How You Can Afford Roman Coins

Silver Roman coin wire wrapped in in gold finish copper

I’m having a terrible time convincing would-be customers that my genuine coins are, indeed, genuine. I think the disconnect comes from the assumption that very old things must be expensive. My moderate prices clash with that expectation.

Rome Was Big

It comes down to a question of numbers. At its height, the Roman Empire covered the entire Mediterranean, including Greece, Egypt, North Africa and the Middle East. It also included all of Western Europe. In total, it was populated by 50 million people. That means at any one time, billions of coins were in circulation (especially since there was no paper money).

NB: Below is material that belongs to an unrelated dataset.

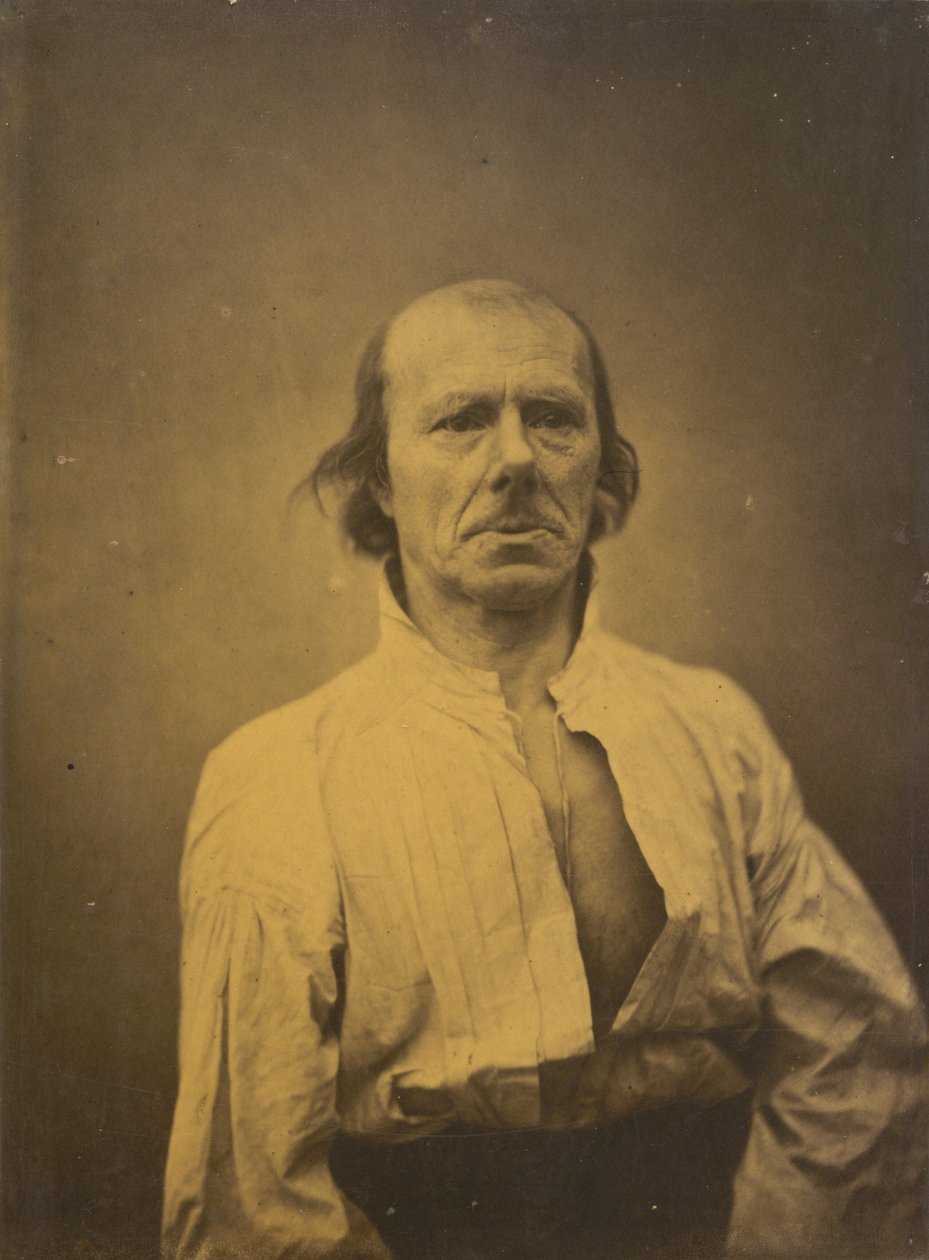Gesicht in Ruhe, 1854-1856, gedruckt 1862 von Guillaume Benjamin Armand Duchenne de Boulogne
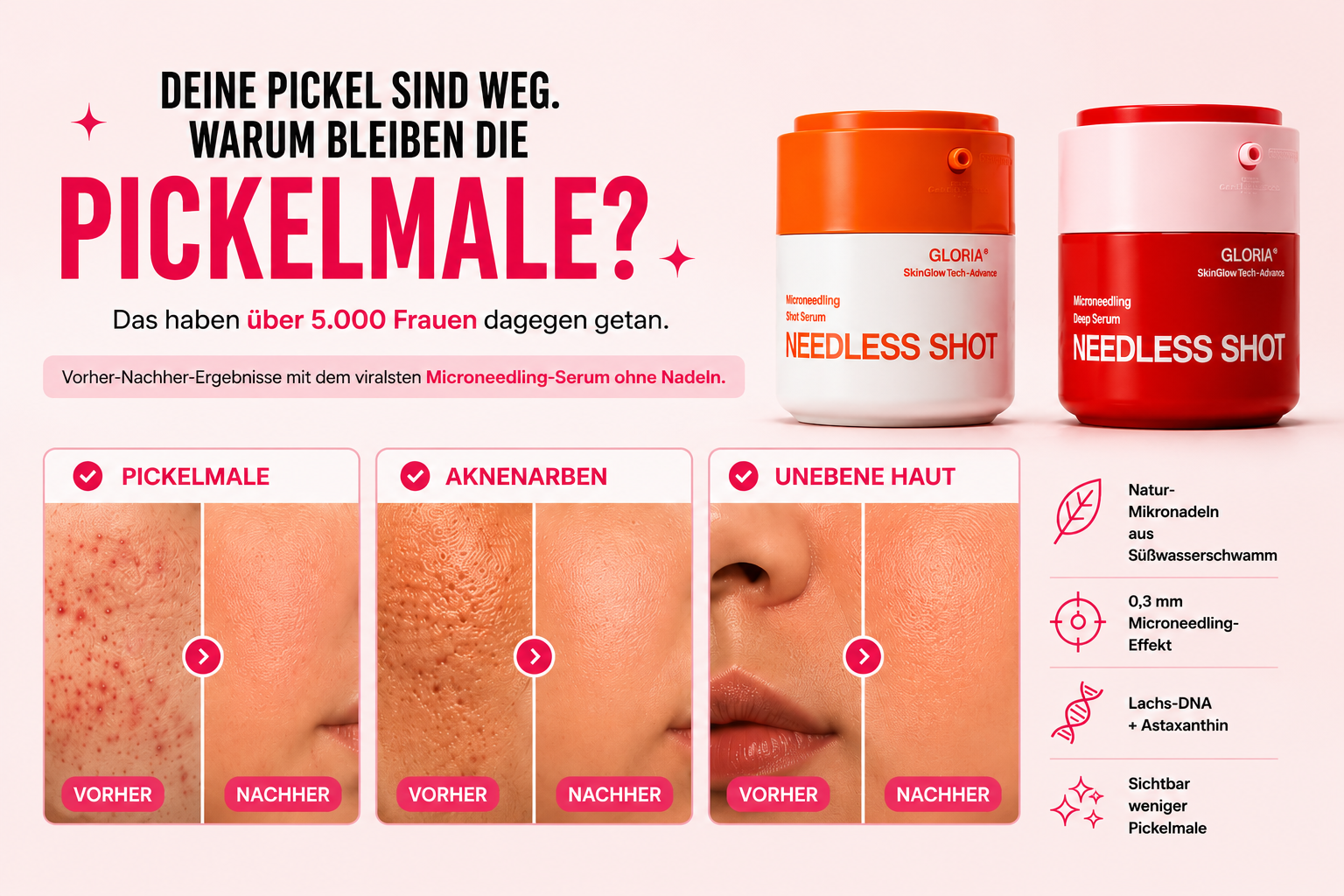 Gloria Skincare Needless Shot für Pickelmale, Aknenarben und unebene Haut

The Empire existed in the West for 500 years: it begins in 27 BCE and ends in roughly 476 CE. In the East, it lasts another 1000 years, but we commonly refer to that culture as Byzantine and is beyond the scope of what I currently work with.

Less than 1% of these coins have survived. However, that still amounts to millions upon millions, and that can make them affordable.

Where Do They Come From?

Wealthy Romans sometimes buried their money, and they didn’t always come back for it. This is particularly the case in the later part of the Empire when there was a lot of disruption. When we find Roman coins, we find them in hoards, sitting underground for 1600+ years waiting to be discovered.

They come out of the ground in a variety of states. Some were wore down through use, but many bronze coins have also corroded. I’ve had a couple coins with beautiful patinas which have shattered during cleaning because the metal underneath had broken down. I buy many of my coins uncleaned, and what I find varies from awesomely detailed to featureless slug. (I don’t sell those. I do sometimes give them away, particularly to kids.)

If you hover your cursor over a product image, it will zoom in. If you’re wanting to know the exact quality of detail in a particular piece, that’s the best way of finding out.

Reign of Emperors

Another factor is how long an emperor reigned. I’ve had reasonable luck finding coins of Emperor Augustus, founder of the Roman Empire. No imperial Roman coin is older than his, yet I find them with relative ease, because he ruled for 41 years and minted a damn lot of coins. Caligula, known mostly for being bat-shit crazy, only lasted four years before his own guards murdered him. I’ve yet to find an affordable coin of his. Constantius II, son of Constantine the Great, ruled for 24 years, and I have more of his than I know what to do with. Probably 25% of my 4th century coins are his.

By the way, if you’re looking for someone specific, contact me and I’ll see what I can do. I’ve had several people specifically ask for Constantine. I can accommodate many such requests. Having a budget in mind is helpful. Constantine I can get pretty easily; Nero gets pricier.

Silver Coins

I also carry silver coins. If nothing else, fans of the Dresden Files series of books like silver denarii as they are referenced in association with a group of really nasty beings. I’ve sold several pieces due to that geeky reference. There are also larger silver antoninianii which I also carry, such as the one in this article’s featured image.

They’re more expensive than bronze, but still within the budget of most. A simple bronze coin on a chain costs $29. A denarius on a chain is $59.

So, that’s some of the reasons my coins are reasonably priced. I started this project in the hope I could get these pieces of history into more people’s hands, and that means affordable prices. Online items currently range from $29 to $129, with a lot of variation between those two extremes. Hopefully, everyone can find something that personally suits them and fits their budget.